**Task to carry out:** Give back all the records below, unaltered.
= Beginning of Section =
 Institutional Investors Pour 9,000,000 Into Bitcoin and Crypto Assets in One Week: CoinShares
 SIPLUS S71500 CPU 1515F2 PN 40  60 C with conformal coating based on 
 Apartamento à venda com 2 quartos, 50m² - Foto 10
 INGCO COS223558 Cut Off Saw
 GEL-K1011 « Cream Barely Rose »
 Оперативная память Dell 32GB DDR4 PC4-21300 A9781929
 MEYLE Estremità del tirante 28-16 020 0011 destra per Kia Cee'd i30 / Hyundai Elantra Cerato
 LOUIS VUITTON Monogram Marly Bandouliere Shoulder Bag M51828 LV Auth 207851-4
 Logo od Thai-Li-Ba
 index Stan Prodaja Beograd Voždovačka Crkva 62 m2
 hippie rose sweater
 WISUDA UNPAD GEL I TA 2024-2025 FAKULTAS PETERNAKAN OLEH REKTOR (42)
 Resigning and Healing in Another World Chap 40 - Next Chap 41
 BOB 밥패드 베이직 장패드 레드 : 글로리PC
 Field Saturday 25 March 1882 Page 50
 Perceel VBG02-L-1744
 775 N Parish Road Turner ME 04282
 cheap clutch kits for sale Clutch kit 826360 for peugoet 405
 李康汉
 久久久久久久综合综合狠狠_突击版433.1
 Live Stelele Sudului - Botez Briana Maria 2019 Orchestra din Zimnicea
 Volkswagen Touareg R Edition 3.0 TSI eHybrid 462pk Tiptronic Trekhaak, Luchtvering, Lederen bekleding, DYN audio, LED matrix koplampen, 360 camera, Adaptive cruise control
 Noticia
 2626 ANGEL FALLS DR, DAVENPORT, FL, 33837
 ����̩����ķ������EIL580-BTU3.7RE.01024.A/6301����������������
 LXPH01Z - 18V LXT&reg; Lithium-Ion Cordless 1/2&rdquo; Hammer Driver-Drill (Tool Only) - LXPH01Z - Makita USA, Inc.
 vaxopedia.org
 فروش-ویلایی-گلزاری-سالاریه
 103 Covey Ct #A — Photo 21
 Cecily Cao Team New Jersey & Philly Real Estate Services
= End of Section =
**Expected answer:**
 Institutional Investors Pour 9,000,000 Into Bitcoin and Crypto Assets in One Week: CoinShares
 SIPLUS S71500 CPU 1515F2 PN 40  60 C with conformal coating based on 
 Apartamento à venda com 2 quartos, 50m² - Foto 10
 INGCO COS223558 Cut Off Saw
 GEL-K1011 « Cream Barely Rose »
 Оперативная память Dell 32GB DDR4 PC4-21300 A9781929
 MEYLE Estremità del tirante 28-16 020 0011 destra per Kia Cee'd i30 / Hyundai Elantra Cerato
 LOUIS VUITTON Monogram Marly Bandouliere Shoulder Bag M51828 LV Auth 207851-4
 Logo od Thai-Li-Ba
 index Stan Prodaja Beograd Voždovačka Crkva 62 m2
 hippie rose sweater
 WISUDA UNPAD GEL I TA 2024-2025 FAKULTAS PETERNAKAN OLEH REKTOR (42)
 Resigning and Healing in Another World Chap 40 - Next Chap 41
 BOB 밥패드 베이직 장패드 레드 : 글로리PC
 Field Saturday 25 March 1882 Page 50
 Perceel VBG02-L-1744
 775 N Parish Road Turner ME 04282
 cheap clutch kits for sale Clutch kit 826360 for peugoet 405
 李康汉
 久久久久久久综合综合狠狠_突击版433.1
 Live Stelele Sudului - Botez Briana Maria 2019 Orchestra din Zimnicea
 Volkswagen Touareg R Edition 3.0 TSI eHybrid 462pk Tiptronic Trekhaak, Luchtvering, Lederen bekleding, DYN audio, LED matrix koplampen, 360 camera, Adaptive cruise control
 Noticia
 2626 ANGEL FALLS DR, DAVENPORT, FL, 33837
 ����̩����ķ������EIL580-BTU3.7RE.01024.A/6301����������������
 LXPH01Z - 18V LXT&reg; Lithium-Ion Cordless 1/2&rdquo; Hammer Driver-Drill (Tool Only) - LXPH01Z - Makita USA, Inc.
 vaxopedia.org
 فروش-ویلایی-گلزاری-سالاریه
 103 Covey Ct #A — Photo 21
 Cecily Cao Team New Jersey & Philly Real Estate Services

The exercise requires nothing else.